-- Source data --

════════

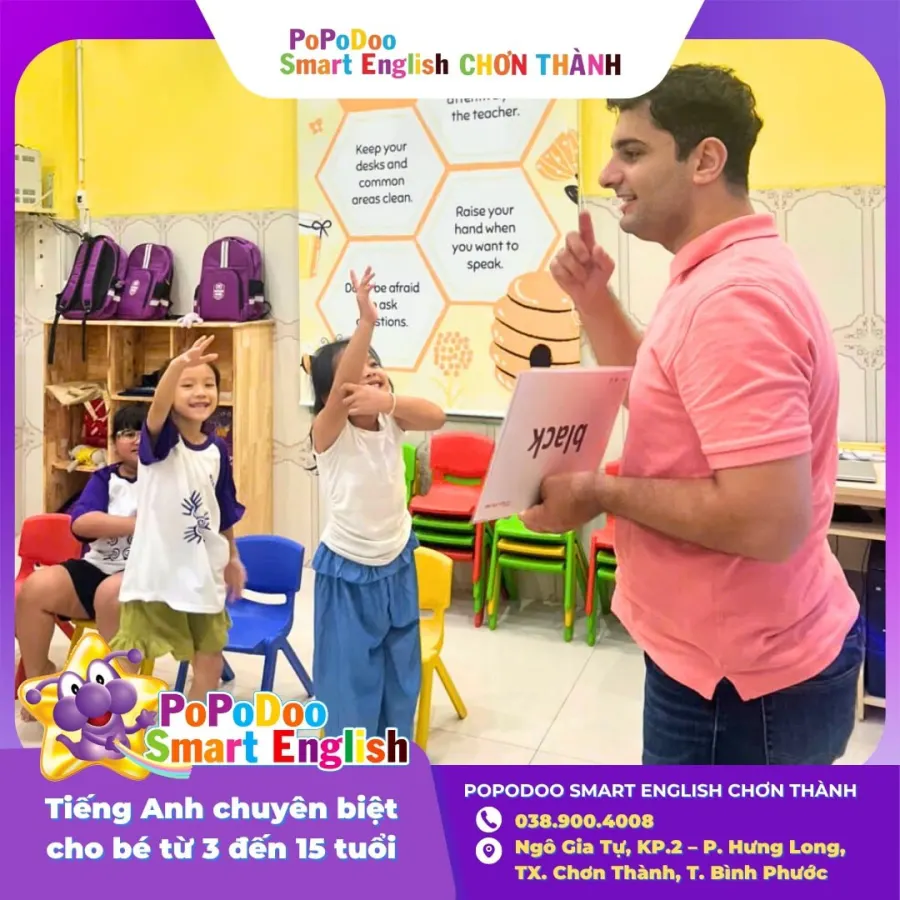Trung tâm Popodoo Smart English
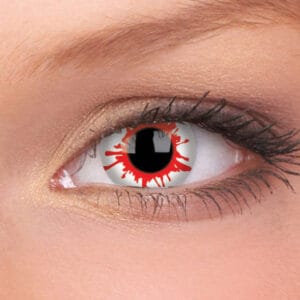 ColourVue Crazy Colored Contact lenses Wild Blood
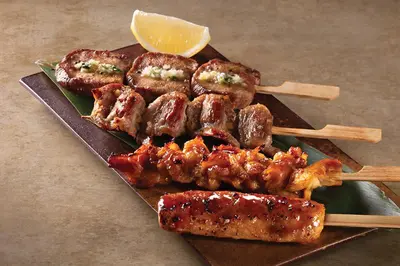 Skewer Platter 4 Types
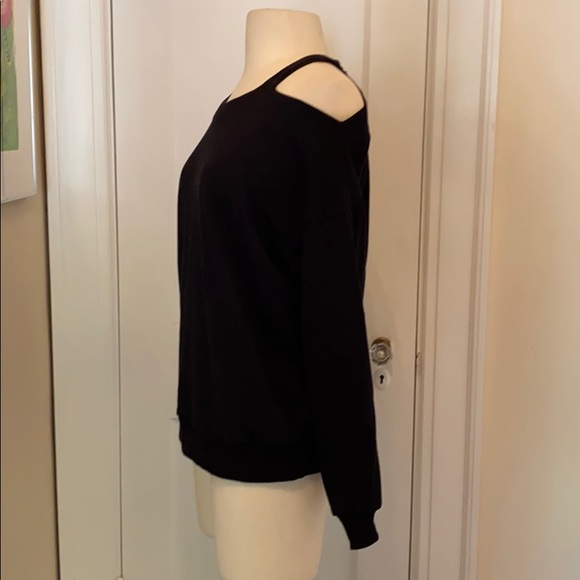 NWT Anthropologie Maeve Cold Shoulder Top Small - Picture 2 of 8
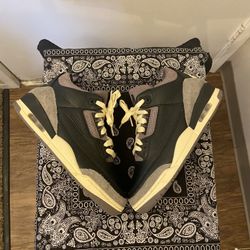 Jordan 3 SP A Ma Maniere W.Y.W.S Men’s 9 Used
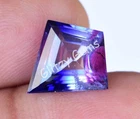 6.05 Ct Natural Bi-Color Sapphire Fancy Certified Loose Gemstone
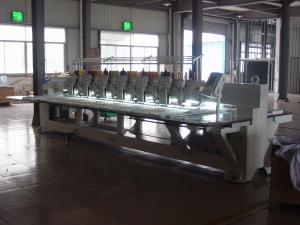 China High Speed 9 Needles 6 Head Embroidery Machine For Wedding Dress wholesale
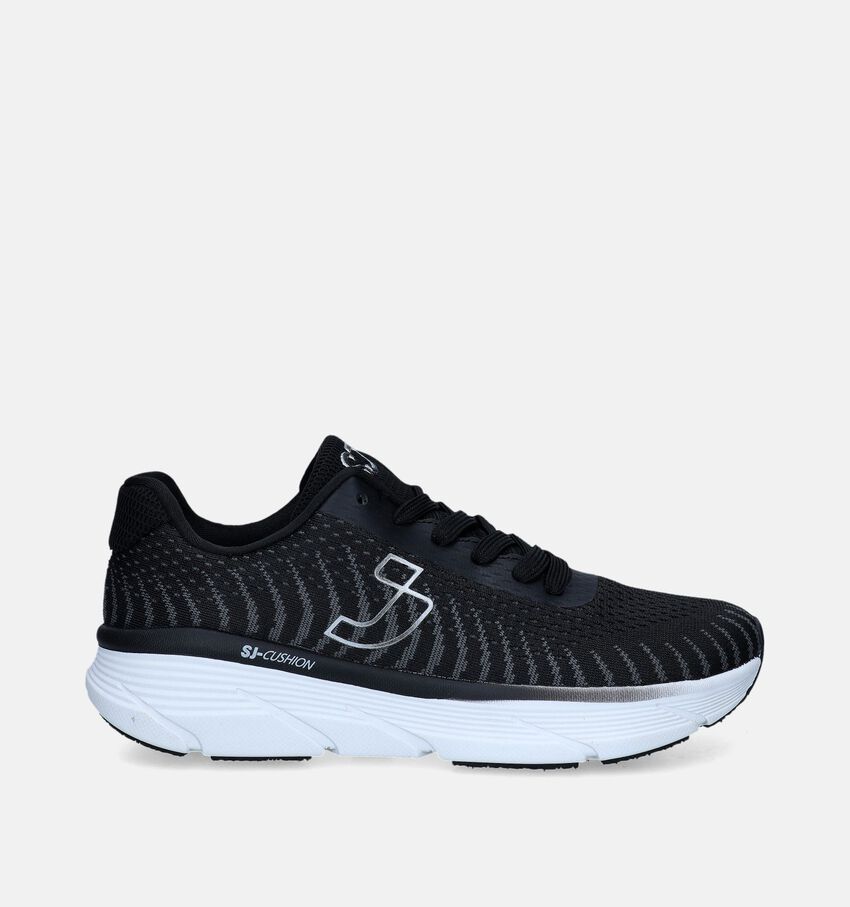 SJ Cushion Jaquard Baskets en Noir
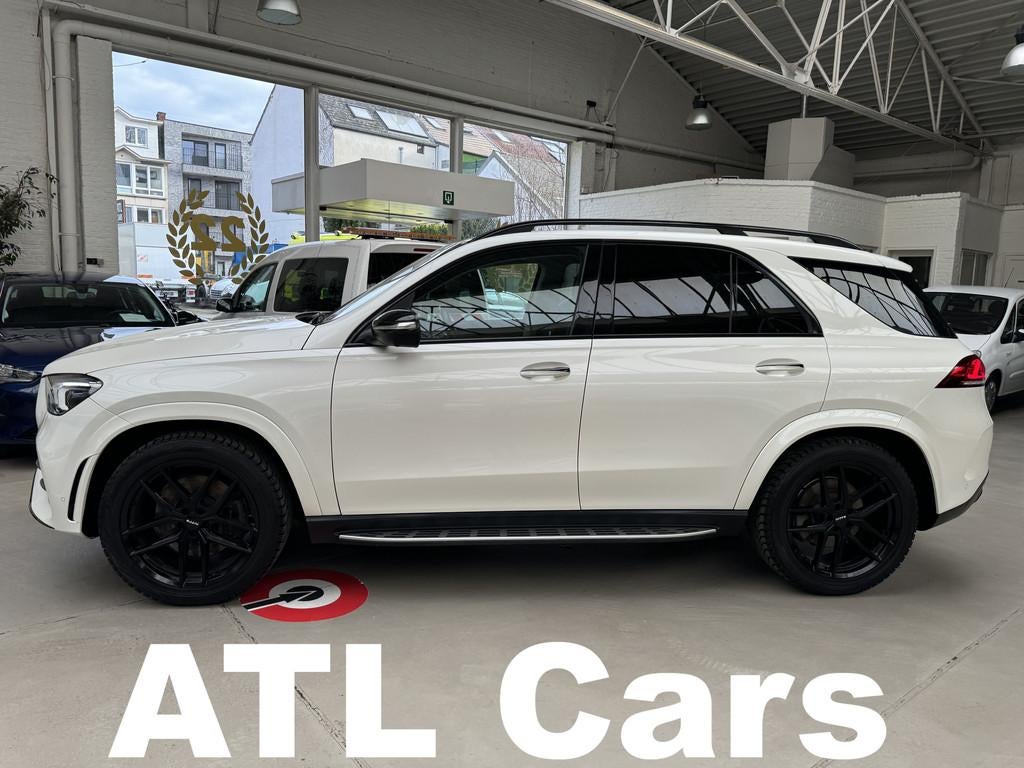 Mercedes-Benz GLE300d 4Matic | Pano | AMG Line | Full Option, Auto's, Mercedes-Benz, Automaat, 245 pk, USB, Gebruikt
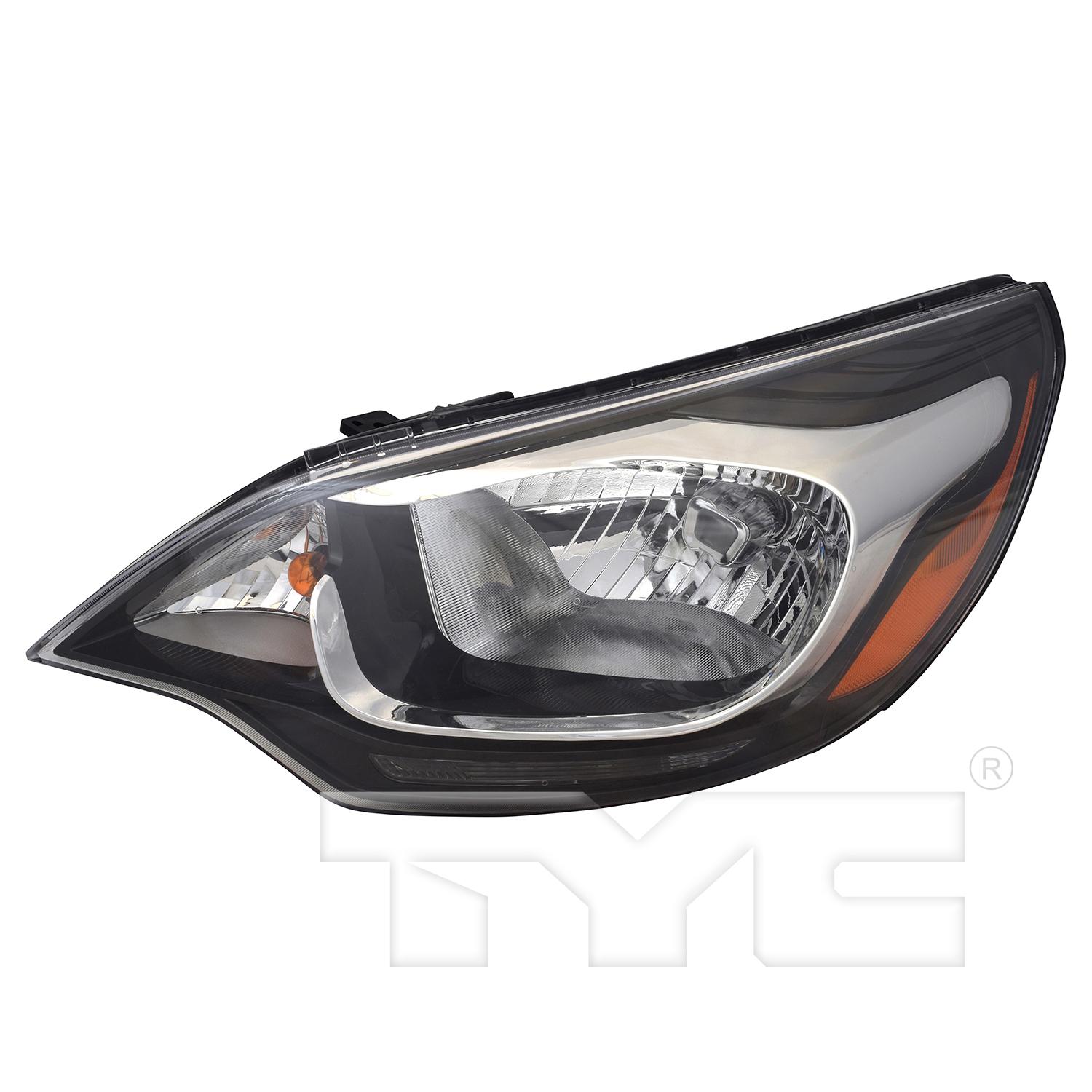 TYC 2014390009 Headlight Assembly product image 1 of 6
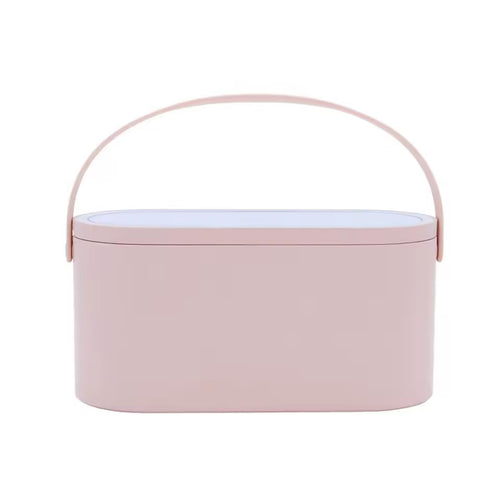 VanityGo Portable Makeup Organzier with LED Vanity Mirror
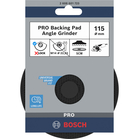 BOSCH Disc-suport prindere tip scai cu știft central cu X-LOCK
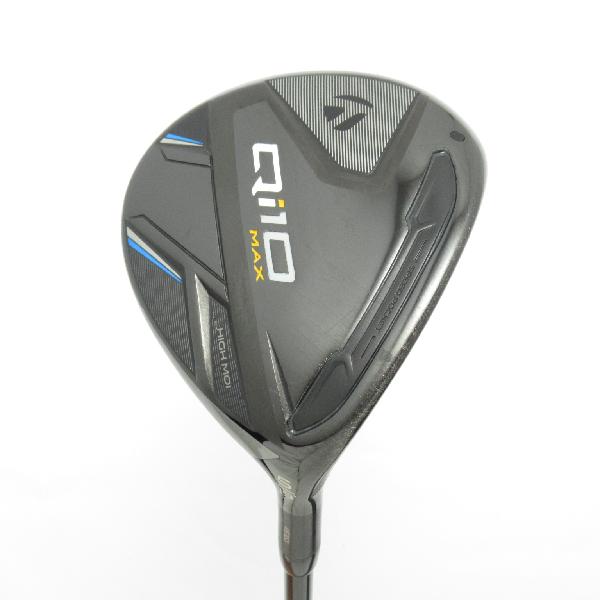 【中古】テーラーメイド　Qi10　Qi10 フェアウェイウッド Speeder NX BLACK 60　【3W】シャフト：Speeder NX BLACK 60Cランク　フレックスS　男性用 メンズ用　右用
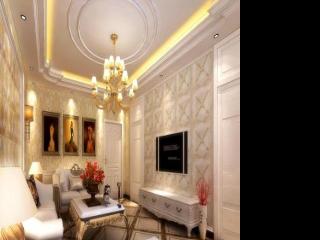 铝扣板客厅吊顶效果图大全-简欧式铝扣板吊顶效果图好看吗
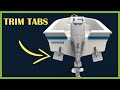 TRIM TABS 101 How To Use Trim Tabs On A Boat How Do Trim Tabs Work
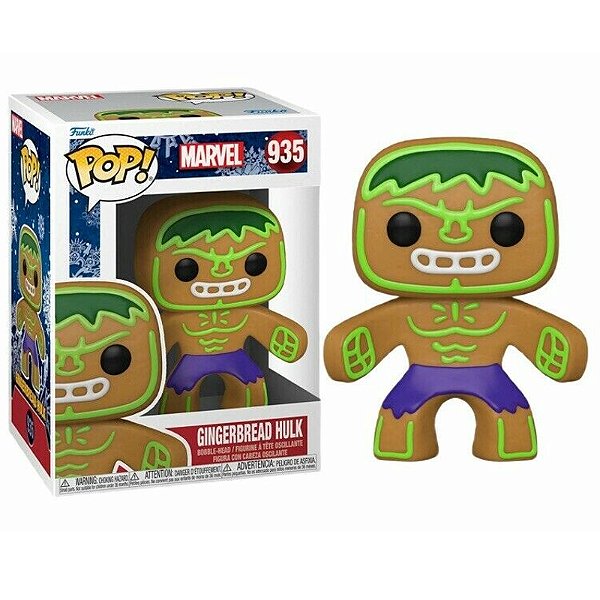 Funko Pop! Marvel Gingerbread Hulk 935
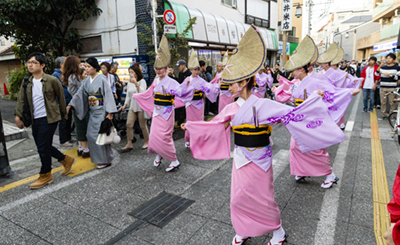 萩・世田谷幕末維新祭り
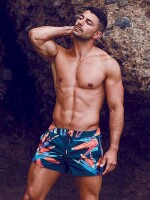 2Eros Print Swimwear Swim Shorts Paradise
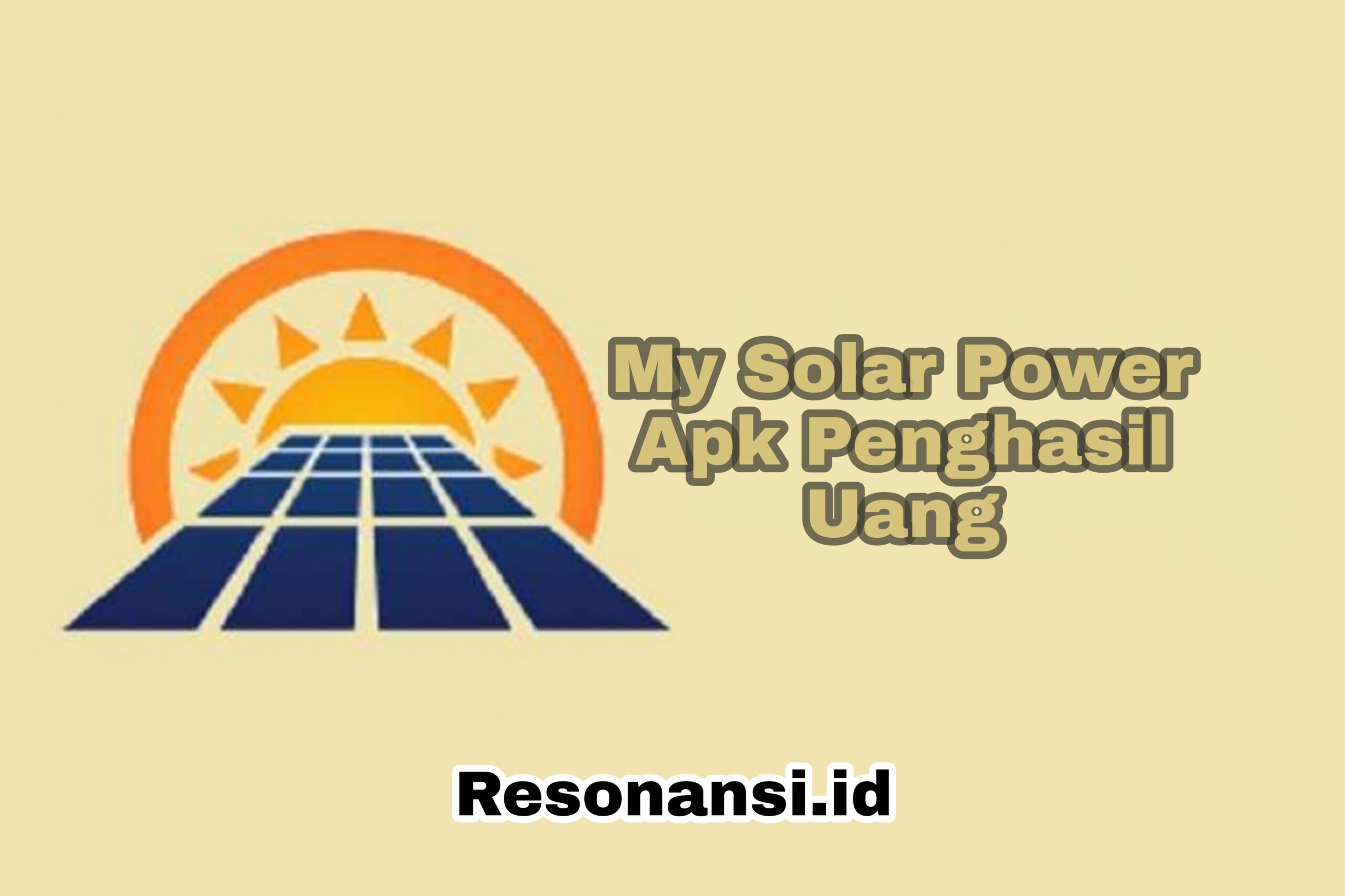 My Solar Power Apk Penghasil Uang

════════

Transcribe every line from the records above without alteration, and leave out the images.

-- Problem solution --
Trung tâm Popodoo Smart English
 ColourVue Crazy Colored Contact lenses Wild Blood
 Skewer Platter 4 Types
 NWT Anthropologie Maeve Cold Shoulder Top Small - Picture 2 of 8
 Jordan 3 SP A Ma Maniere W.Y.W.S Men’s 9 Used
 6.05 Ct Natural Bi-Color Sapphire Fancy Certified Loose Gemstone
 China High Speed 9 Needles 6 Head Embroidery Machine For Wedding Dress wholesale
 SJ Cushion Jaquard Baskets en Noir
 Mercedes-Benz GLE300d 4Matic | Pano | AMG Line | Full Option, Auto's, Mercedes-Benz, Automaat, 245 pk, USB, Gebruikt
 TYC 2014390009 Headlight Assembly product image 1 of 6
 VanityGo Portable Makeup Organzier with LED Vanity Mirror
 BOSCH Disc-suport prindere tip scai cu știft central cu X-LOCK
 【中古】テーラーメイド　Qi10　Qi10 フェアウェイウッド Speeder NX BLACK 60　【3W】シャフト：Speeder NX BLACK 60Cランク　フレックスS　男性用 メンズ用　右用
 铝扣板客厅吊顶效果图大全-简欧式铝扣板吊顶效果图好看吗
 TRIM TABS 101 How To Use Trim Tabs On A Boat How Do Trim Tabs Work
 Funko Pop! Marvel Gingerbread Hulk 935
 萩・世田谷幕末維新祭り
 2Eros Print Swimwear Swim Shorts Paradise
 My Solar Power Apk Penghasil Uang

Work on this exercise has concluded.